Letang has certainly done that, enough to thrust himself into the Norris Trophy conversation in a big way.
Letang has seven goals and 24 points in 26 games. Only two defensemen in the NHL have more than his seven goals. Only six have eclipsed Letang’s point total.
The Penguins’ No. 1 defenseman is on pace for 22 goals, 53 assists and 75 points, all of which would be career-best marks for him. He remains third in the NHL in average ice time per game at 25:54.
Letang’s shooting percentage (8.0) is the third-highest of his career. That tells us this isn’t necessarily a freak thing. It might actually be somewhat sustainable.
Five-on-five, Letang’s individual shot attempts per 60 minutes is at a career-best level (14.03). Ditto for his five-on-five shots on goal per 60 (8.03).
“It’s pretty balanced across the board for me throughout the year,” said Letang, who has three goals, 12 points and 37 shots on goal over his past 12 games. “I had a great start, also. There’s nothing special. Just try and play my game and work that way.”
No matter how you slice it, traditional or advanced, Letang’s willingness to shoot the puck has been blindingly obvious. He’s more confident, and his offensive talent has been hard to miss.
Take Thursday, for example. On Letang’s first goal, he executed a terrific passing play with Derick Brassard. Credit Brassard with finding Letang, but, when Letang has had an open lane, there’s been zero hesitation when it comes to drilling one.
The same for his shot from 55 feet that seemed to have a little bit of English on it. Goalie Thomas Greiss certainly couldn’t find it.
Letang isn’t hesitating, isn’t thinking about finding his teammates, isn’t thinking about getting creamed, Instead, he’s figuring out places to put the puck and ways to beat goalies.
“First couple of times, I had lanes to shoot,” Letang said of his performance Thursday. “I can’t force it too much. Sometimes it’s going to be there, sometimes it’s not.
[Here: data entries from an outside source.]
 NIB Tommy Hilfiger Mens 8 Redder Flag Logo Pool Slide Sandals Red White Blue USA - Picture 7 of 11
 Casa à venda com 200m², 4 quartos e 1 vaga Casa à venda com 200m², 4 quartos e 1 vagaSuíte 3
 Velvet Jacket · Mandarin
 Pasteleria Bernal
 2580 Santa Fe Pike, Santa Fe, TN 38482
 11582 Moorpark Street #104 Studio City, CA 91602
I just have to take what they give me.”
That Letang is getting anything right now is fairly surprising.
Earlier this week, Bovada released its latest Norris Trophy odds, and only San Jose’s Brent Burns, John Carlson in Washington and Los Angeles’ Drew Doughty were above Letang.
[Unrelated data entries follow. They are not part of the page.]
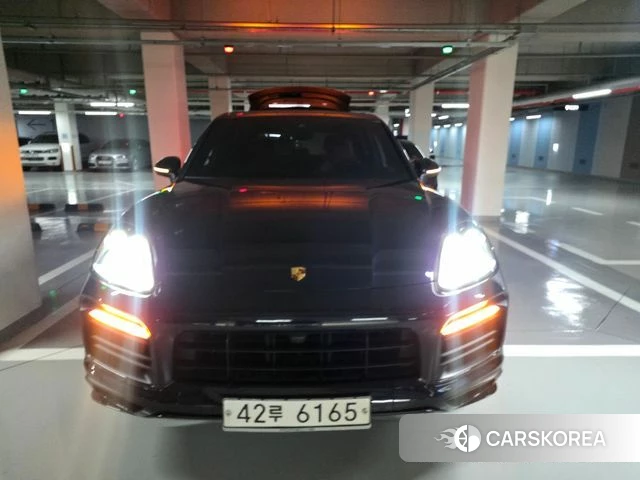 Porsche Cayenne (PO536) 2019 Черный из Кореи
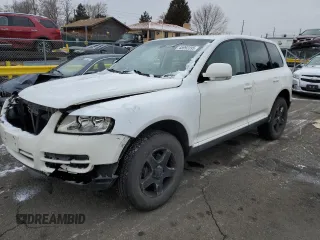 2004 Volkswagen Touareg z VIN WVGBC77L14D057665, wystawiony jako Copart lot #45992395 z przebiegiem 108 970 mil mil oraz Nie do naprawy • Non repairable. Historia ofert i sprzedaży dostępna na DreamBid. Obrazek 1.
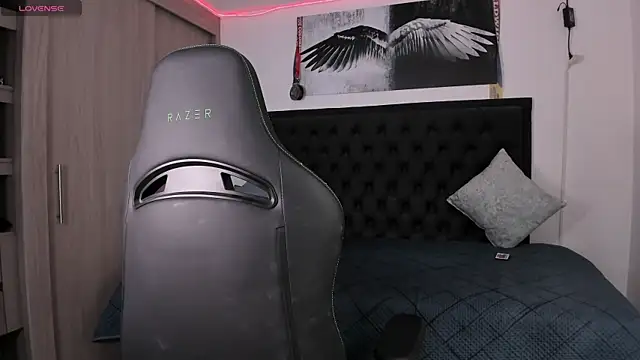 Snapshot of santi_aesthetic chatting on 22, 9, 2025 santi aesthetic online show from 22, 9, 2025
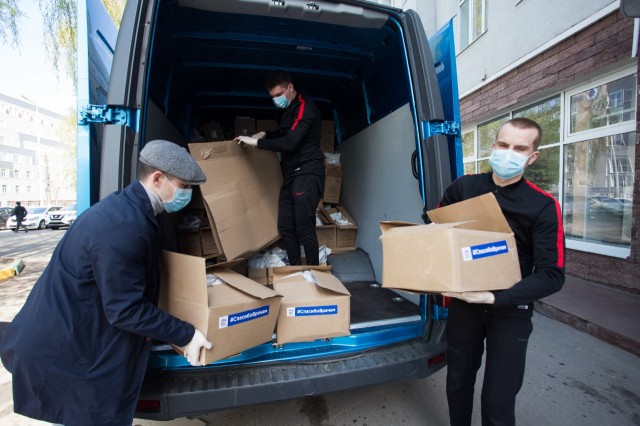 Нижегородским медикам передали продуктовые наборы к чаю Нижегородским медикам передали продуктовые наборы к чаю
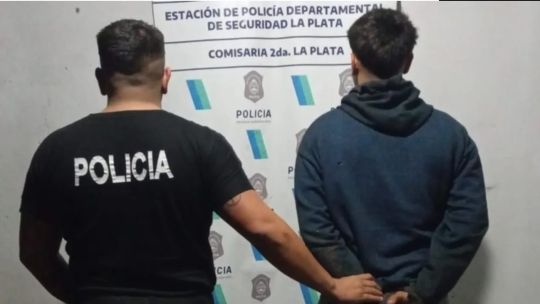 Un hombre terminó apuñalado por su yerno tras reprocharle que no hizo la comida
While Letang’s current pace is probably unsustainable — those 22 goals and 75 points would have led all defensemen last year — Letang’s shoot-first mindset is not.
And on a team that’s hugely capable of scoring goals in bunches, where this goes for Letang should be plenty interesting.
“Tanger really assesses his own game,” Penguins coach Mike Sullivan said. “He’s a student of the game himself. We’re certainly trying to offer our players any insights that we see.
“We’ve tried to encourage our whole team to shoot the puck more. As a group, we tend to look for the next play a lot. Part of that is the types of players that we have. We have a lot of skilled guys, but sometimes the best play is to just put the puck on the net.
“I think Tanger is doing a better job of that, and some of them have gone in.”
Alexander Wennberg, left, of the Columbus Blue Jackets shoots as Kris Letang, center, eyes the rebound on Nov. 24 at PPG Paints Arena. Letang is on pace for a career-high 271 shots on goal this season, complementing his typical staunch defending.